The underlying cause of the ciliopathies may be a dysfunctional molecular mechanism in the primary cilia structures of the cell, organelles which are present in many cellular types throughout the human body. The cilia defects adversely affect "numerous critical developmental signaling pathways" essential to cellular development and thus offer a plausible hypothesis for the often multi-symptom nature of a large set of syndromes and diseases.

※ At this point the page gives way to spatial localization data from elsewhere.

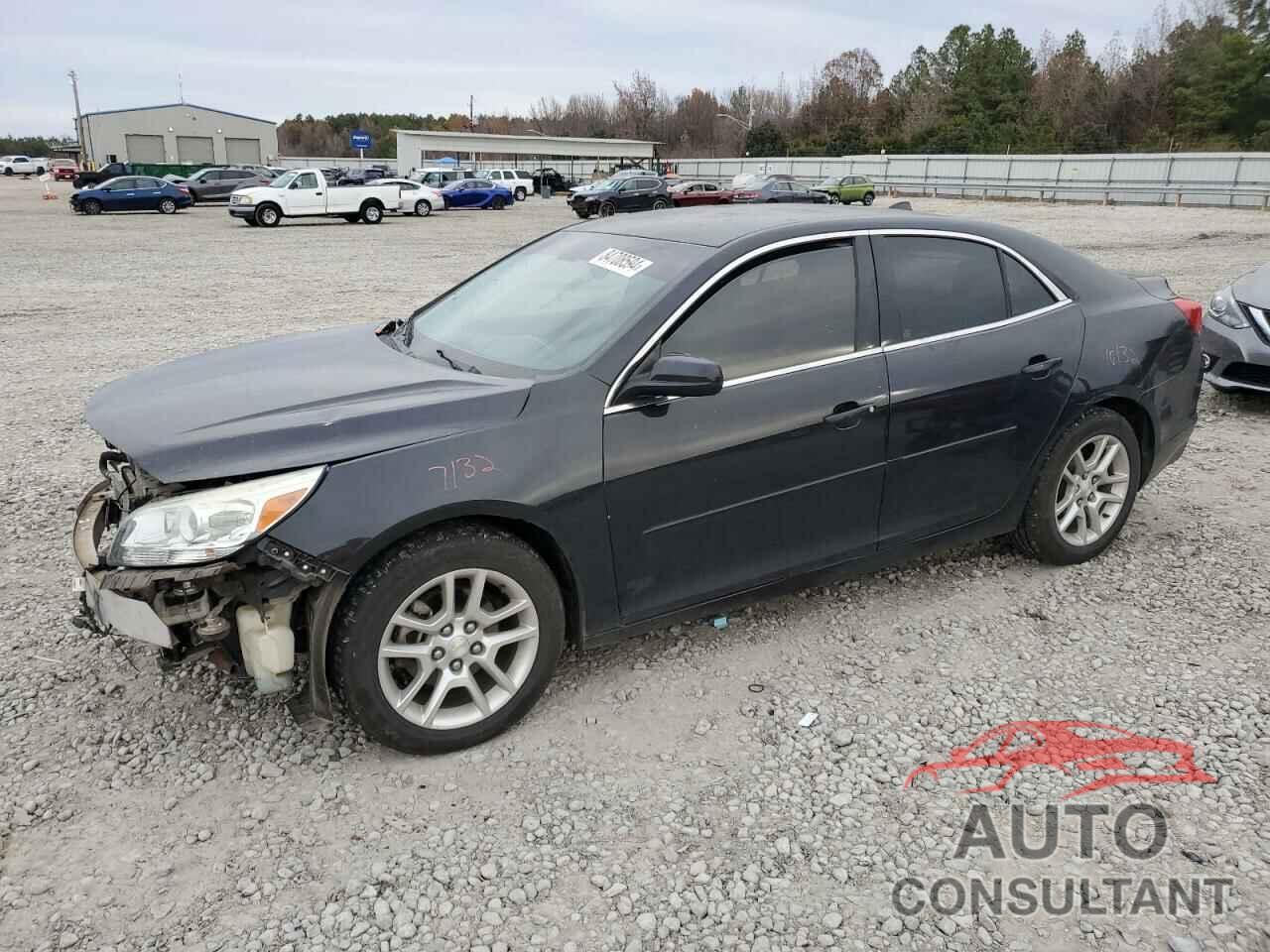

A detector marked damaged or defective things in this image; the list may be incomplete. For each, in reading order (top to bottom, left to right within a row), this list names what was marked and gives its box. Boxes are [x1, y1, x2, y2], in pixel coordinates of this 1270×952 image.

exposed headlight [1199, 293, 1249, 329]
exposed headlight [109, 467, 324, 565]
damaged front end [75, 446, 345, 700]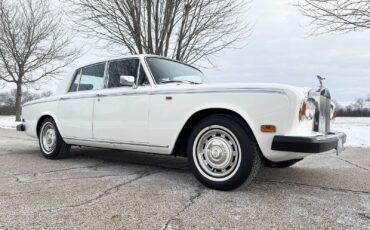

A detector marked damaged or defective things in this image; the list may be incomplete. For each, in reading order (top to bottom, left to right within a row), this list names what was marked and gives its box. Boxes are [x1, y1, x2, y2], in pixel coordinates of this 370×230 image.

pavement crack [39, 169, 158, 212]
pavement crack [162, 184, 202, 230]
pavement crack [258, 179, 370, 195]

Currently recognized ciliopathies include Joubert syndrome, primary ciliary dyskinesia (also known as Kartagener Syndrome), Bardet–Biedl syndrome, polycystic kidney disease and polycystic liver disease, nephronophthisis, Alström syndrome, Meckel–Gruber syndrome and some forms of retinal degeneration.

Joubert syndrome type 2 is disproportionately frequent among people of Jewish descent.